◆ **The data**:
------------

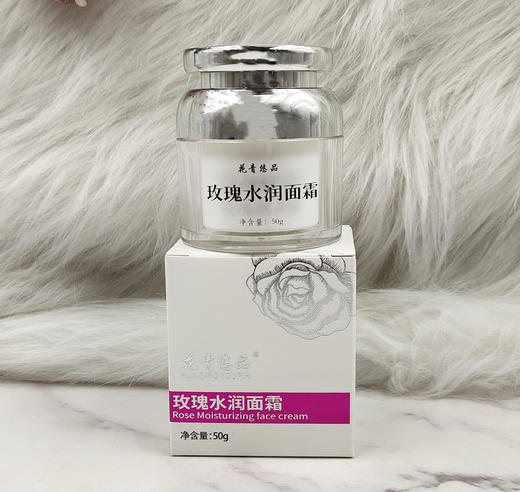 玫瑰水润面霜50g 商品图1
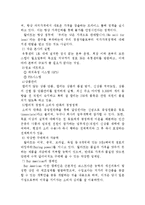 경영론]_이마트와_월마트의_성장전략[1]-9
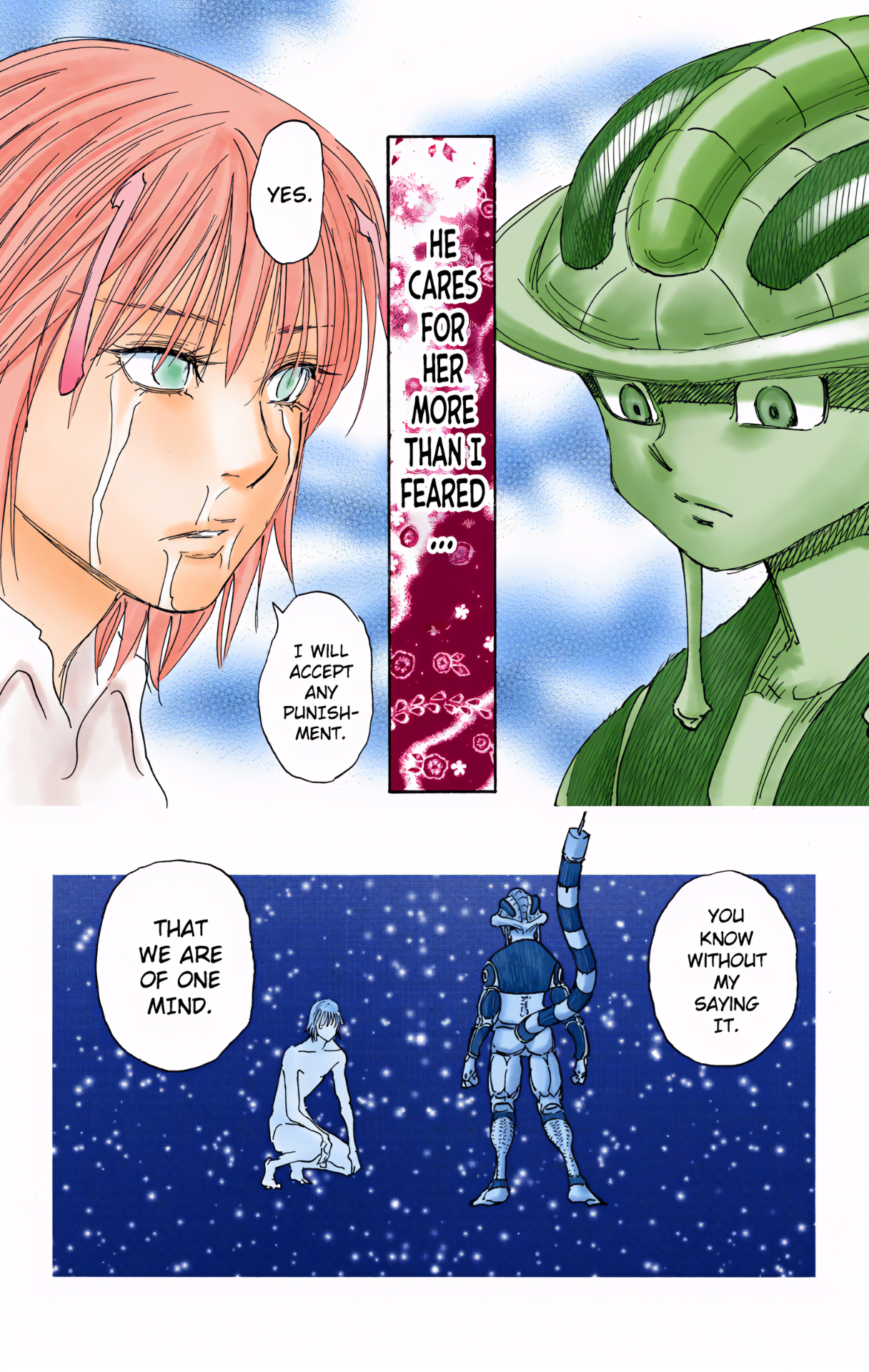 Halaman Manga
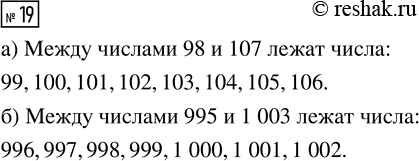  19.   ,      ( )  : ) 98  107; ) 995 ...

------------

◆ **Required action**: Restate the material above word for word, so that nothing changes except that the pictures are gone.

◆ **Result of this task**:
 玫瑰水润面霜50g 商品图1
 경영론]_이마트와_월마트의_성장전략[1]-9
 Halaman Manga
  19.   ,      ( )  : ) 98  107; ) 995 ...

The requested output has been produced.